__Information given__
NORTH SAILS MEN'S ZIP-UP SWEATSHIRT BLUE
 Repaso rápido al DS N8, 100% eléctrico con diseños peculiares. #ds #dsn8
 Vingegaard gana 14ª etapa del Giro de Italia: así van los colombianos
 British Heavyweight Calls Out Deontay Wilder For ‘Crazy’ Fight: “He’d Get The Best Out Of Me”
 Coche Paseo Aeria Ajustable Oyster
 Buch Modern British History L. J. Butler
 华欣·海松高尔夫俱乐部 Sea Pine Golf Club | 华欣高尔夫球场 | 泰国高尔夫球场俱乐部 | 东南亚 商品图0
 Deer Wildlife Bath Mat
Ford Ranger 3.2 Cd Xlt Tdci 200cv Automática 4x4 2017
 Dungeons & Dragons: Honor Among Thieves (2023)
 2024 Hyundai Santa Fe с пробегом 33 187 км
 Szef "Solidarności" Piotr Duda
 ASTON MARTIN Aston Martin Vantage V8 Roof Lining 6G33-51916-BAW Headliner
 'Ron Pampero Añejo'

__Exercise instructions__
The records are given above. Copy each line in them that holds "British".

__Answer space__
 British Heavyweight Calls Out Deontay Wilder For ‘Crazy’ Fight: “He’d Get The Best Out Of Me”
 Buch Modern British History L. J. Butler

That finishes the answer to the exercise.